Comment mieux prévenir l'échec thérapeutique chez les femmes épileptiques lorsqu'elles sont enceintes ? Vaut-il mieux privilégier le monitoring clinique ou le monitoring du médicament ?
Les femmes enceintes épileptiques présentent un risque de morbi-mortalité plus élevé que les parturientes non épileptiques. Par ailleurs, une grossesse sur 250 est exposée aux anti-épileptiques (AED) et on constate une aggravation de l'épilepsie dans un cas sur 3. La raison principale est une baisse de la concentration des AED, sans qu'il soit certain que cela soit plus responsable de la détérioration que les variations hormonales.

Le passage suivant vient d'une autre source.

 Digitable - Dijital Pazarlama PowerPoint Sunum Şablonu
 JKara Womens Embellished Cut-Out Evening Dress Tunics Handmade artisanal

Actuellement, deux méthodes permettent d'évaluer la concentration en AED : soit un monitoring du médicament (TDM) soit un monitoring clinique (CFM). L'objectif des auteurs était d'évaluer l'efficacité de l'une ou l'autre méthode. Ils ont retrouvé 6 études observationnelles. Le taux de détérioration a été de 30% pour les patientes sous TDM et de 73% sous CFM. En apparence, le monitoring thérapeutique est plus efficace, mais il y a de nombreux biais, c'est pourquoi d'autres études sont nécessaires.